This code is part of a working paper focused on resampling strategies for categorical data. The premise is that the defacto industry standards of majority rule and nearest neighbor give rise to competing objectives with respect to preserving map structure and map level class proportions.
You can install the development version from GitHub with:
# install.packages("devtools")
devtools::install_github("mikejohnson51/resample")
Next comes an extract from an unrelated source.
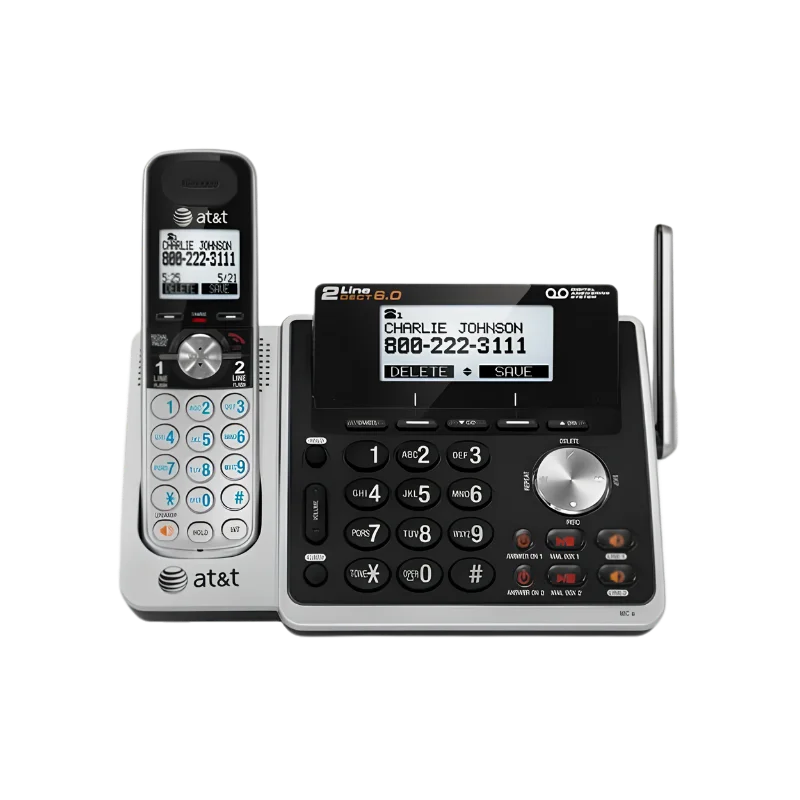 2-Line Cordless System with ITAD
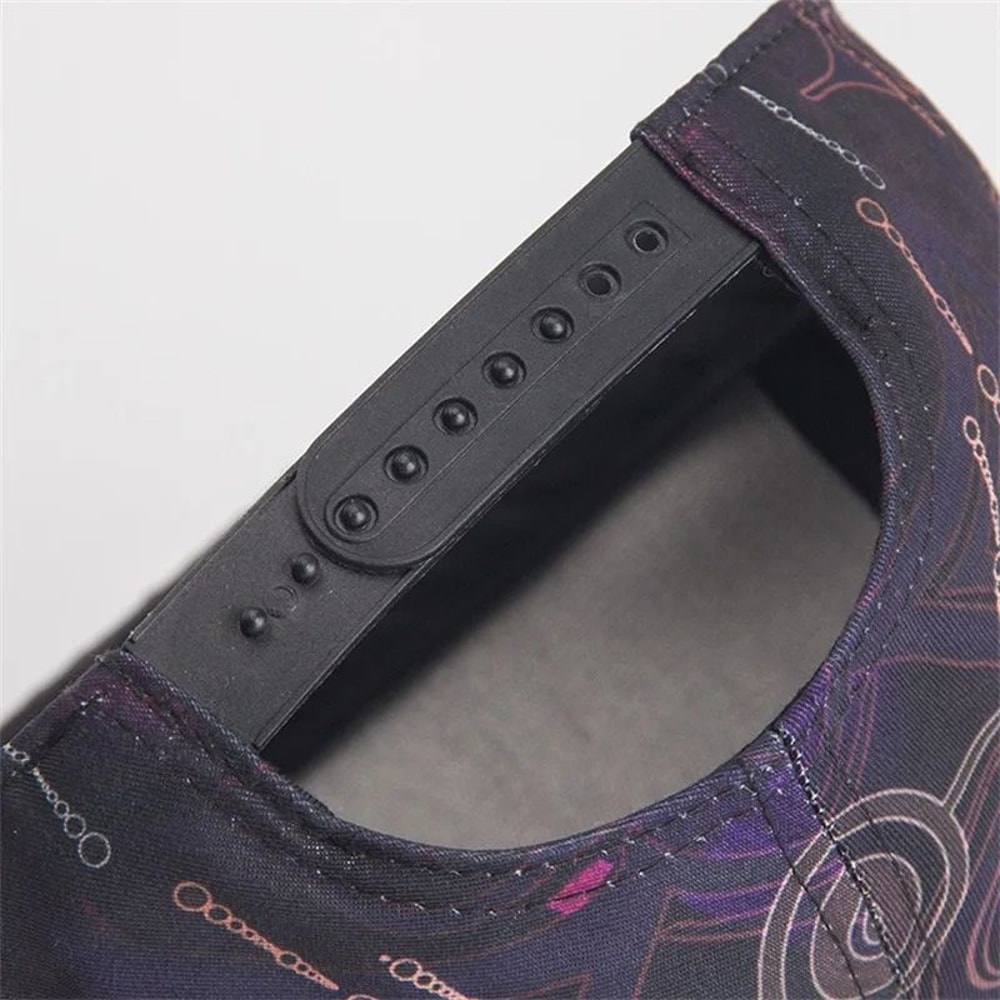 Urban Street Baseball Cap Adjustable Snapback Cap With Flat Brim Streetwear Style 3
To define a minimal example:
- Lets load our spatial/visualization packages,
- Read in the 30 meter resolution, 2016 CONUS National Land Cover Dataset
- Define an area of interest (AOI) around Colorado Springs, and re-project
- and crop the NLCD to this boundary
library(resample)
library(raster)
library(sf)
library(ggplot2)
# Start with a native high resolution dataset
nlcd = brick(nlcd_conus_path)
# Define an Area of Interest and transform to NLCD CRS
AOI = AOI::aoi_get(list("Colorado Springs", 21, 21), km = TRUE) %>%
st_transform(nlcd@crs)
input = crop(nlcd, AOI, snap = "out")
Three resampling techniques are highlighted which include nearest
neighbor, majority rule and a new method that seeks to preserve both
areal proportions and map structure. Nearest neighbor and majority rule
utilize GDAL near
and mode
resampling.
For each method, an input raster and desired cell size must be provided.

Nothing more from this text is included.